If you wrap the mike and your lower jaw and mouth in sound absorbent material-some of your couch padding would do it-you should be able to talk quietly without the distortion caused by you pitching your voice unnaturally low.
“But it would mean you leaving the digger,” she concluded warningly. “That suit you’re wearing is little more than an overall, and your backpack has air for less than…”
“The air down here is breathable,” Martin broke in, “and the backpack is too big and awkward to wear in that tunnel. I would be able to move more quietly and quickly without it. Don’t worry, I won’t move far from the digger.”
To these people his voice must sound like a continuous, modulated explosion, Martin thought as he worked on the helmet, and unintelligible because of its sheer volume. He wondered how beings who had only the sense of touch would think of an explosion, how they had learned chemistry without being able to observe chemical reactions, and ultimately develop the other sources of energy which enabled them to detect starships entering their system.
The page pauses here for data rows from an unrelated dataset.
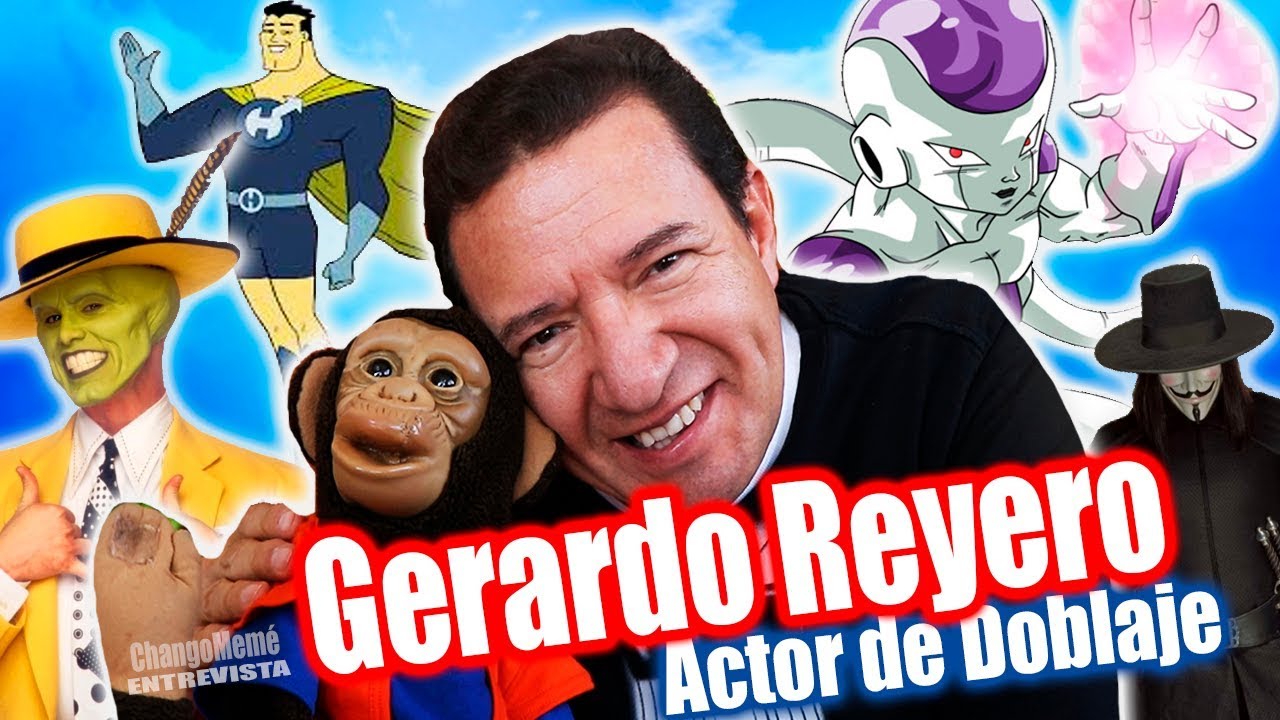 Gerardo Reyero VOZ FREEZER CAPITANAZO - Chango Memé - YouTube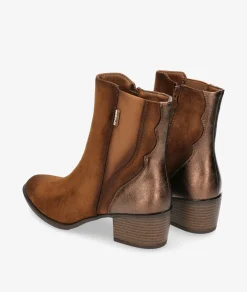 Botines Amarpies 27254 en cuero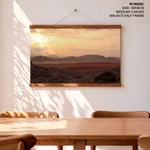 Circle desert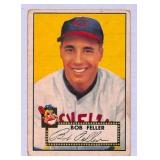 1952 Topps Bob Feller HOF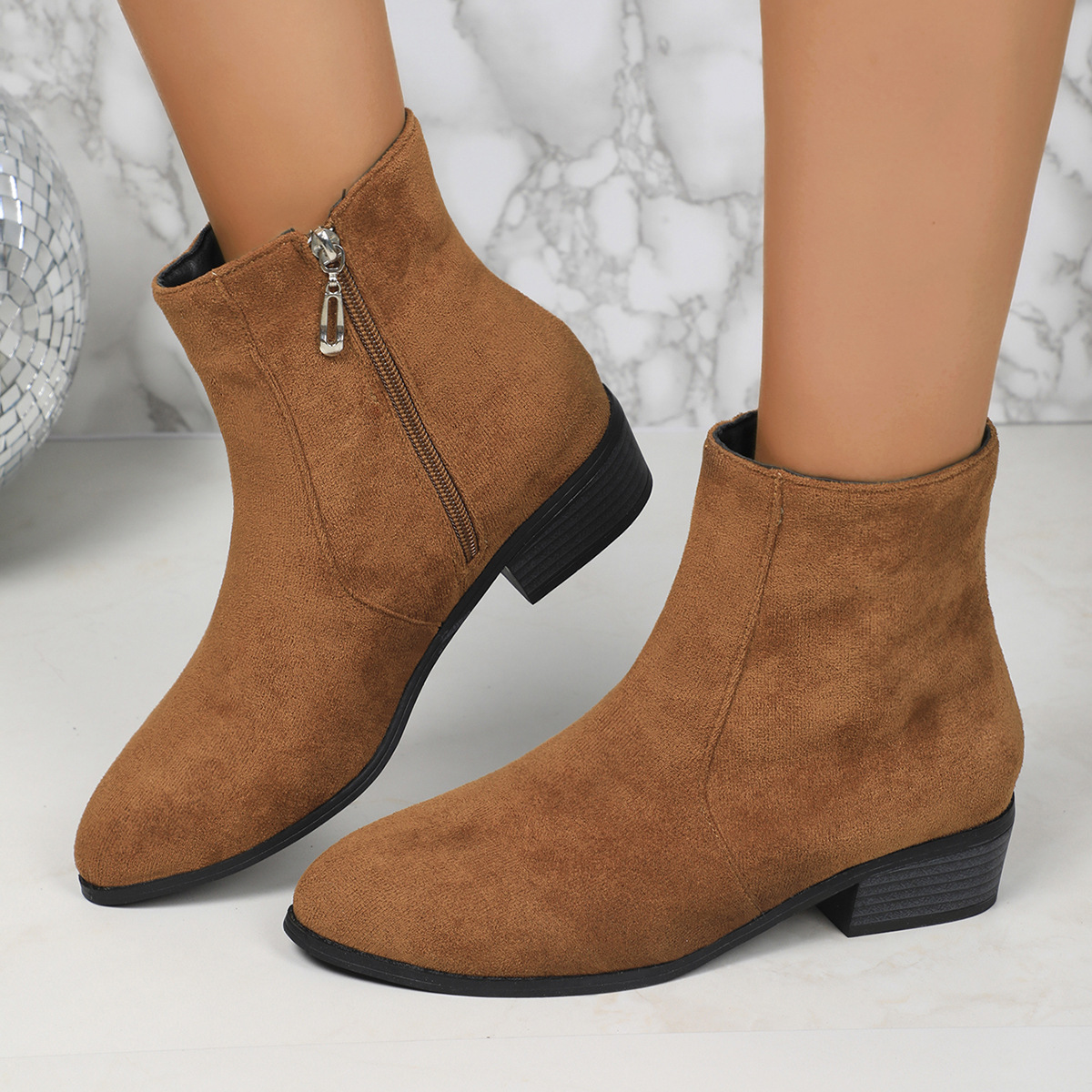Women’s Comfy Fall Ankle Boots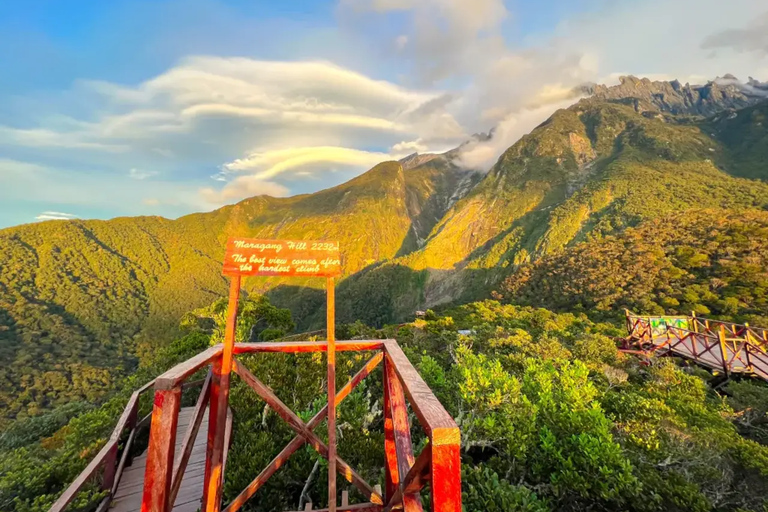 Kota Kinabalu: Maragang Hill Sunrise Hike Day Tour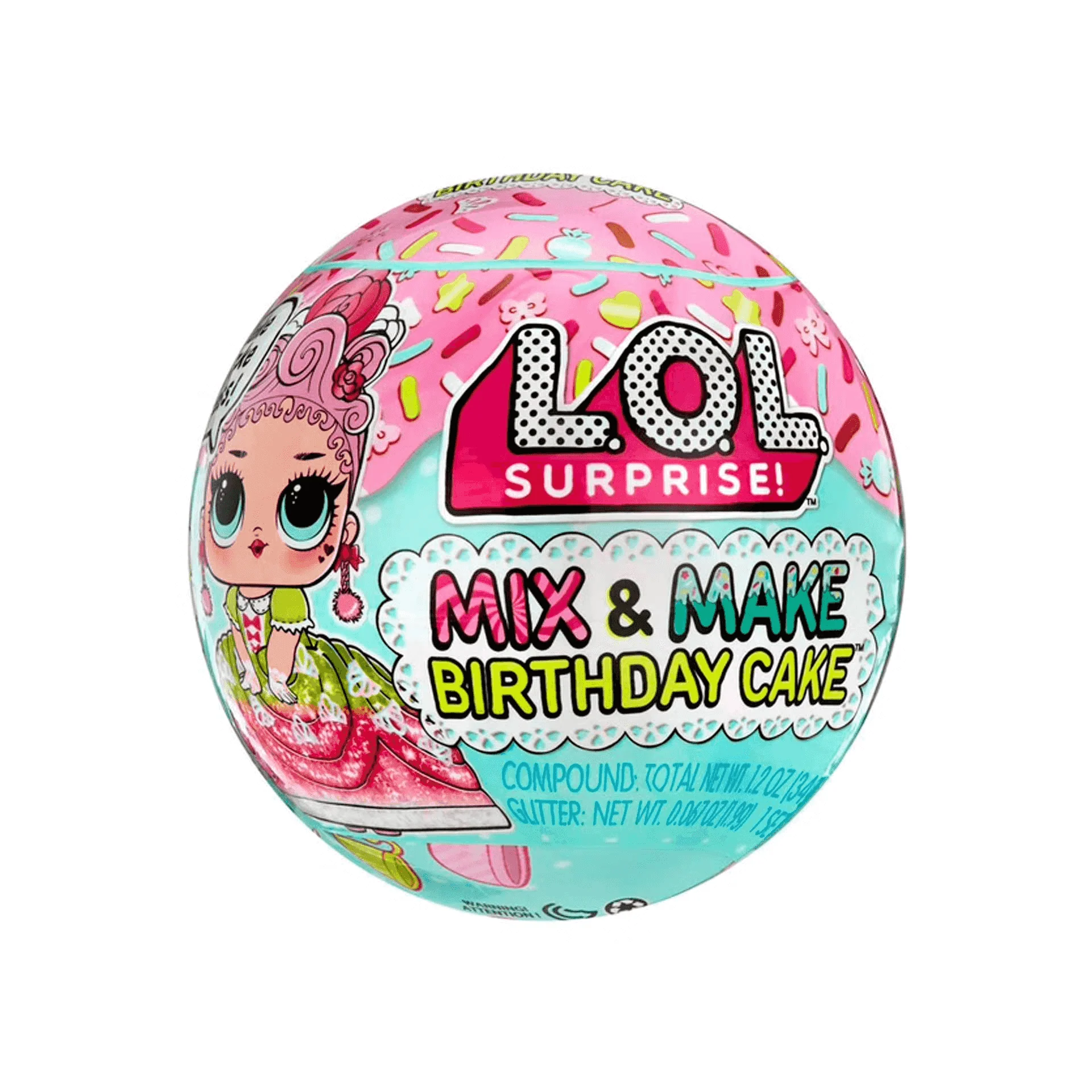 L.O.L. Surprise Muñeca Mix & Make Birthday Cake - Image 2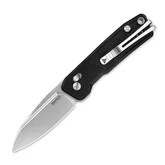Ніж складаний кишеньковий SRM Scout (6.9 см) 14C28N / G10, чорний — Photo 8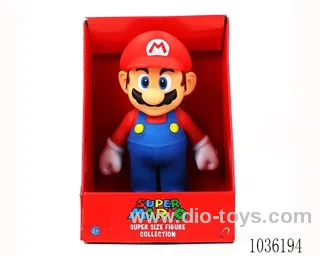 Mario in window box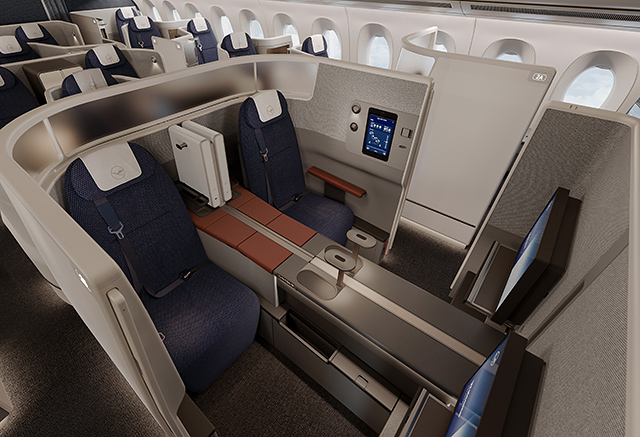 Lufthansa lancera ses nouvelles classes de voyage long-courriers Allegris le 1er mai 4 Air Journal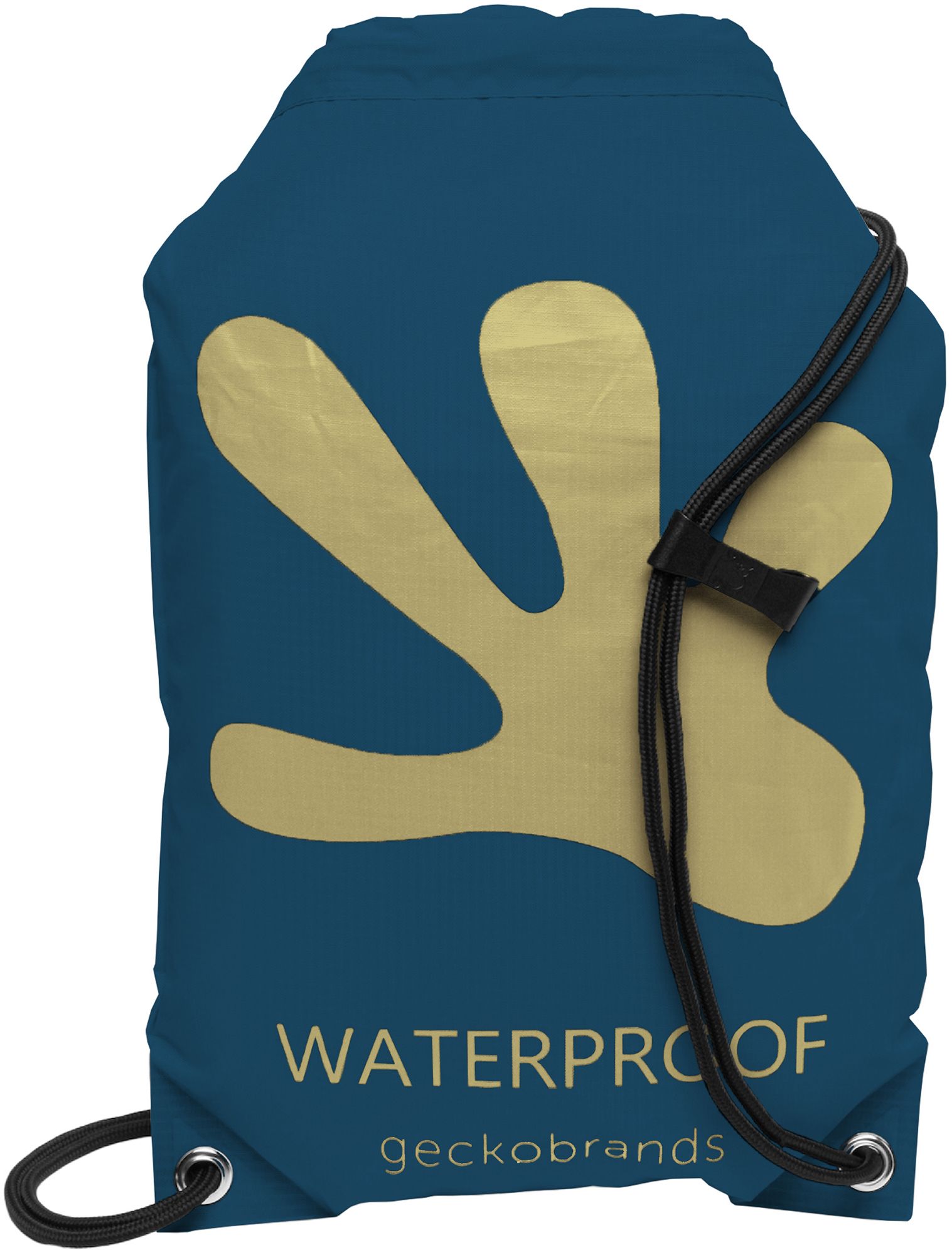 geckobrands Waterproof 10L Drawstring Bag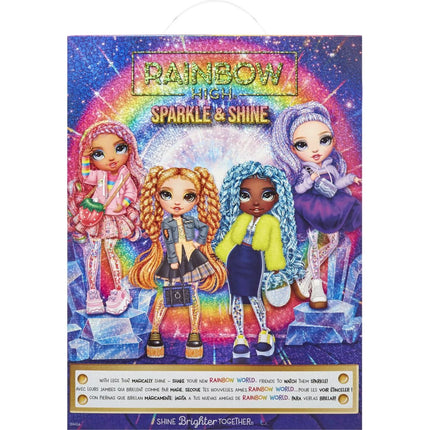 Rainbow High Sparkle & Shine Puppe Violet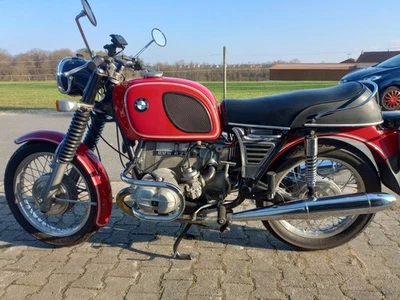 BMW R75/5 granadarot Bj 73 - Bild 1 von 4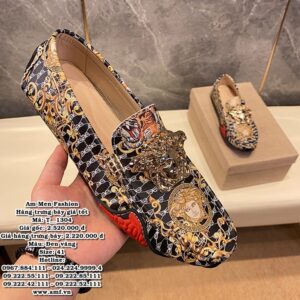 T1304 - Màu: Đen vàng - Size: 41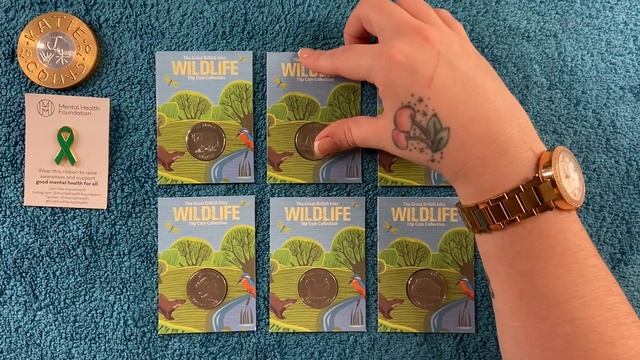 The Great British Isles Wildlife 10p collection! смотреть онлайн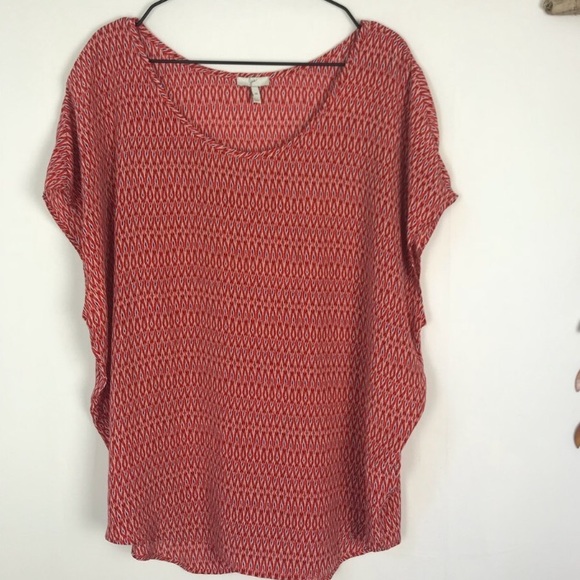 Joie Tops - Joie Silk Cap Sleeve Flowy Blouse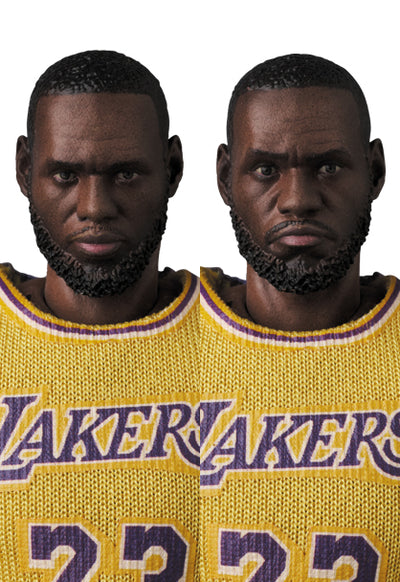 Los Angeles Lakers MAFEX LeBron James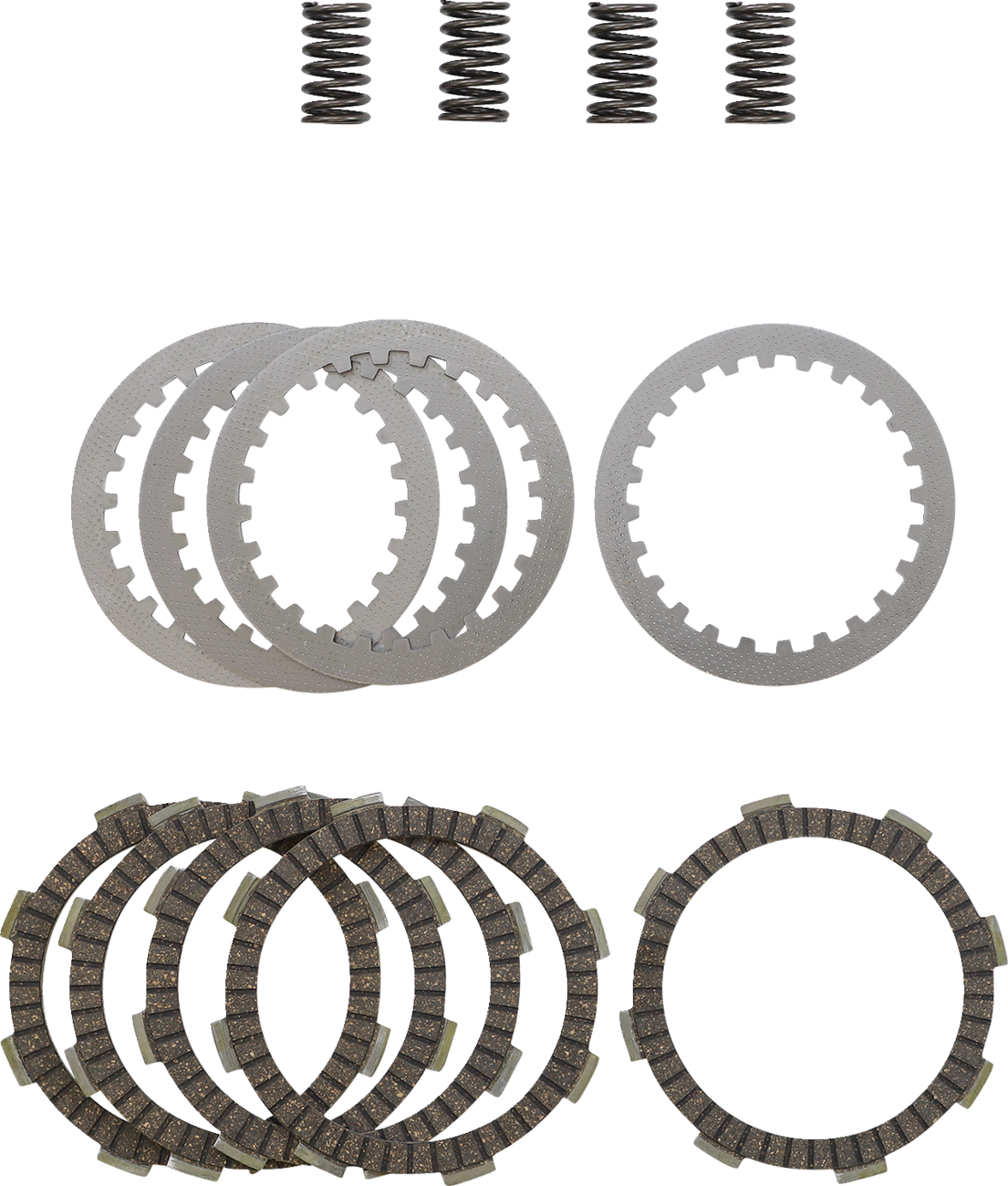 Clutch Plate Kit - Honda 1984 - 2004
It could not have been easy.
A boyhood memory came to him of reading a book on the early days of exploration and navigation on Earth. Instances had been mentioned of unsighted people who had been able to find their way among the widely scattered islands of the Pacific Ocean by sniffing the air for the almost imperceptible land smells, feeling the winds, and gauging direction by the warmth of the sunlight on their faces; in short, using the enhanced senses they had developed to compensate for the fact that they were blind.